Do you remember the first time, as a kid, you stood beneath a looming dinosaur skeleton at a museum? The moment of awe, maybe a tingle of fear. Of realizing that you could have—but for a gap of 65 million years or so—been lunch. Or at least just another mammal squashed underfoot.
It’s a weird thing, still, to be reminded that we’re just another animal. Nautilus editor at large Kevin Berger was thinking about this. So he called renowned primatologist and neuroscientist Robert Sapolsky at Stanford University and asked him. “What does it mean to see ourselves as animals?”
Maybe it’s a needed dose of humility. It’s also a reminder, Sapolsky said, that we have so much running through us that’s essentially the same as what runs through animals we might not fancy we have much in common with. Like the sea slug. “The biochemical pathway that a sea slug uses when it’s learning condition-avoidance is the same one that we use in the hippocampus,” Sapolsky said. “We use the same hormone, oxytocin … that a narwhal mother would use.” In short: “Evolution is amazing.”

The further we go down, into DNA, the less we find that separates us. Some central genetic differences between us and chimpanzees seem to have more to do with how much hair we grow on our shoulders than those responsible for throwing signals in our newfangled brains. And as research out of neuroscientist Kenneth S. Kosik’s lab, at the University of California, Santa Barbara, has suggested, the blueprints for our brains might well have started in some of the earliest simple animals anyway, sea sponges.

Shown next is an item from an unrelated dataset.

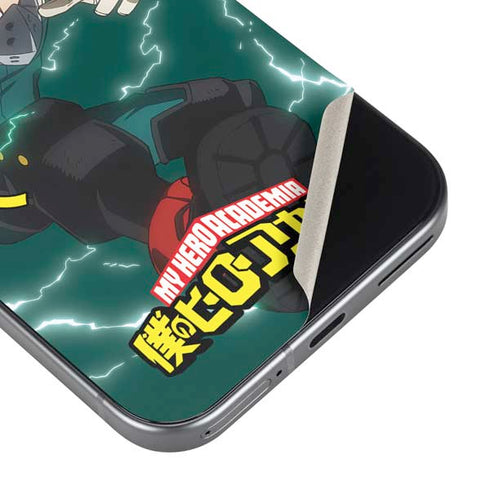 My Hero Academia Deku Season 4 Google Pixel 9 Skin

But we needn’t always get down to neurons and base pairs and biochemicals to be reminded of our animalness. Sometimes it’s as simple as a 4-year-old Homo sapiens standing in quiet stillness, mouth agape, gazing up at the towering Barosaurus and Allosaurus in the foyer of the American Museum of Natural History, momentarily unaware of the buzz of other humanity around them. Many of us have been this child (including Mick Ellison, now a senior artist in paleontology at this very museum, who tells us about his craft later in this issue). And now I get to watch my own children in that moment. Such points connect us not just to these other—sometimes seemingly unknowable—animals, but also to each other. Because if there’s another thing we all have running through our DNA, it’s that thread of wanting to know.